01-problem-set.knit

-Joseph Bakita: -800990986:

Question1

Your friend just became interested in Bayesian statistics. In one paragraph or less (nocode),explain the following to them: * Why/when is Bayesian statistics useful? * What are the similarities in Bayesian and frequentist statistics?

Bayesian statistics is most useful when there exists intuition or understanding of the data prior to running the model where classical or machine models would not be able to discover. These probabilistic methods shed light on distributions that can be used to extrapolate in more detail the uncertainty behind observations and variables than other methods. They do share concepts of distributions and frequencies commonplace in frequentism, alongside ideas of Gaussian approximations that are similar at a base level.

Question 2

Suppose the globe tossing data (Chapter 2) had turned out to be 4 water and 11 land. Construct the posterior distribution, using grid approximation. Use the same flat prior as in the book. Plot the posterior. Use 1000 grid approximations and set the set as set.seed(100).

set.seed(100)

p2 <- seq( from=0 , to=1 , length.out=1000) #flat prior

q2 = dbinom(4 , size=15 , prob=p2) #posterior (chance of 4 waters given N=15 and p=p2[i])

q2b = q2 / sum(q2) #q2 scaled such that q2b is a pdf

plot(p2, q2b, type="l", ylab = "Likelihood")

Behold! A graph showing the most likely values of p given that we observe 4 waters (and 11 lands) given 15 tosses in our simulation. Choose value \(0\leq p \leq 1\) (at the precise value to 3 decimal points) and q2b[1000*p] will give you the probability. For example, the likelihood of p=.3:

q2b[300]

## [1] 0.00350726

or that \(p\ge .7\):

sum(q2b[700:1000])

## [1] 0.0002733507

showing that it is more than 10x as likely that p=.300 precisely than for p \(\ge .7\).

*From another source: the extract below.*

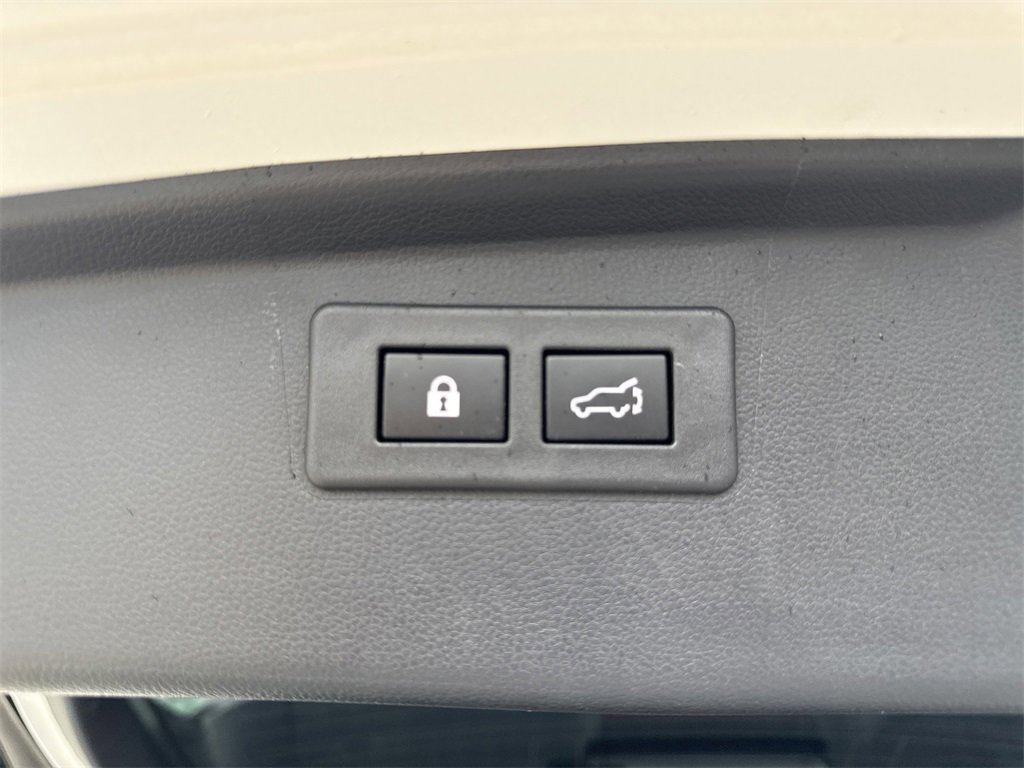 Certified 2022 Subaru Outback Limited image 33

The distribution appears to be approximately Gaussian (Normal) with a right skew (the left side of the crest is significantly steeper than the right). I will go into more detail on the choice (or, more accurately, lack of choice) of prior in the next question.

Question 3

Now suppose the data are 4 water and 2 land. Compute the posterior again, but this time use a prior that is zero below p = 0.5 and a constant above p = 0.5. This corresponds to prior information that a majority of the Earth’s surface is water. Plot the new posterior. Use 1000 grid approximations and set the set as set.seed(100).

p3 <- ifelse( p2 < 0.5 , 0 , 1) #prior that vets all probabilities < .5

q3 = dbinom( 4 , size=6 , prob=p2)

q3a = p3*q3  #prior multiplied by distribution to produce posterior

q3b = q3a / sum(q3a)

plot(p2, q3b, type="l", ylab = "Likelihood")

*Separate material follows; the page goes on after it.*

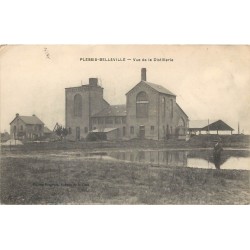 60 LE PLESSIS-BELLEVILLE. La Distillerie à la Mare de Pauclain avec personnage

The graph works identically to the graph in Question 3. The parameters for the binomial coefficients (in this case 4 water with N=6) and, more interestingly, a new prior. In the previous question, a flat prior was used, symbolizing the assumption of no factors. In contrast, now their is a prior that multiplies all water/land ratios < 1 by 0, and 1 otherwise. This represents a knowledge or hypothesis that our globe has more water than land. Now, our model reflects our assumptions and scales our likelihood indicators accordingly. To illustrate, the blue graph is the model, just with the prior replaced with a flat prior.

plot(p2, q3b, type="l", ylab = "Likelihood")
lines(p2,q3/sum(q3), col="blue")

Question 4

For the posterior distribution from 3, compute 89% percentile and HPDI intervals. Compare the widths of these intervals. Which is wider? Why? If you had only the information in the interval, what might you misunderstand about the shape of the posterior distribution?

library(rethinking)

## Loading required package: parallel

## rethinking (Version 2.13.2)

## 
## Attaching package: 'rethinking'

## The following object is masked from 'package:stats':
## 
##     rstudent

s4=sample(p2 , size=1e4 , replace=TRUE , prob=q3b)
PI(s4, prob=.89)

##        5%       94% 
## 0.5245245 0.8798799

HPDI(s4, prob=.89)

##     |0.89     0.89| 
## 0.5005005 0.8388388

Before the percentile and HPDI intervals are even calculate, it is inferred the percentile interval cannot be thinner than the HPDI interval. The HPDI interval is defined as the densest observations for a given bracket, compared to the percentile interval, whose width is derived from the count of observations from the mean. Accordingly, the percentile interval [.527,.881] has apx. width .354 compared to the HPDI interval [.501,.842]’s apx. width of .341. By themselves, they provide a very small slice of information. It provides no information on the actual shape of the distribution or the fact that the HPDI lower bound lies on the decision boundary.

Optional (not graded)

Suppose there is bias in sampling so that Land is more likely than Water to be recorded. Specifically, assume that 1-in-5 (20%) of Water samples are accidentally recorded instead as “Land”. First, write a generative simulation of this sampling process. Assuming the true proportion of Water is 0.70, what proportion does your simulation tend to produce instead? Second, using a simulated sample of 20 tosses, compute the unbiased posterior distribution of the true proportion of water.

p5 = seq(from=0 , to=1 , length.out=20) #shared prior

q5 = dbinom(14, size=25, prob=p5)
q5a =  q5 / sum(q5) #green posterior

q5b = dbinom(14, size = 20, prob = p5)
q5c = q5b/sum(q5b) #red posterior

plot(p5, q5a, type="l", ylab = "Likelihood", col="green")
lines(p5, q5c, ylab = "Likelihood", col="red")

s5a=sample(p5 , size=20 , replace=TRUE , prob=q5a)
s5b=sample(p5 , size=20 , replace=TRUE , prob=q5c)

The biased model in green is constructed a lot like the previous models from the assignment, except with a small calculation done prior. With the knowledge that \(1-p(W) = P(L) = P(L|True) + P(L|False)\), \(P(L|False) = .25P(W)\), and \(P(L|True) = .3\), \(P(W)\) can be derived as .56 or \(\frac{14}{25}\). The green graph is the probability of 14 waters given \(N=25\), while the red graph gives the unbiased which is conveniently identical except that it is measuring the probability of 14 waters given \(N=20\). The two plots almost look like they are staring into a mirror. Should we force a normal approximation, red would have mean and variance of

mean(s5a , adj=0.01 )

## [1] 0.5657895

var(s5a)

## [1] 0.008128007

and green would have

mean(s5b , adj=0.01 )

## [1] 0.6921053

var(s5b)

## [1] 0.005911941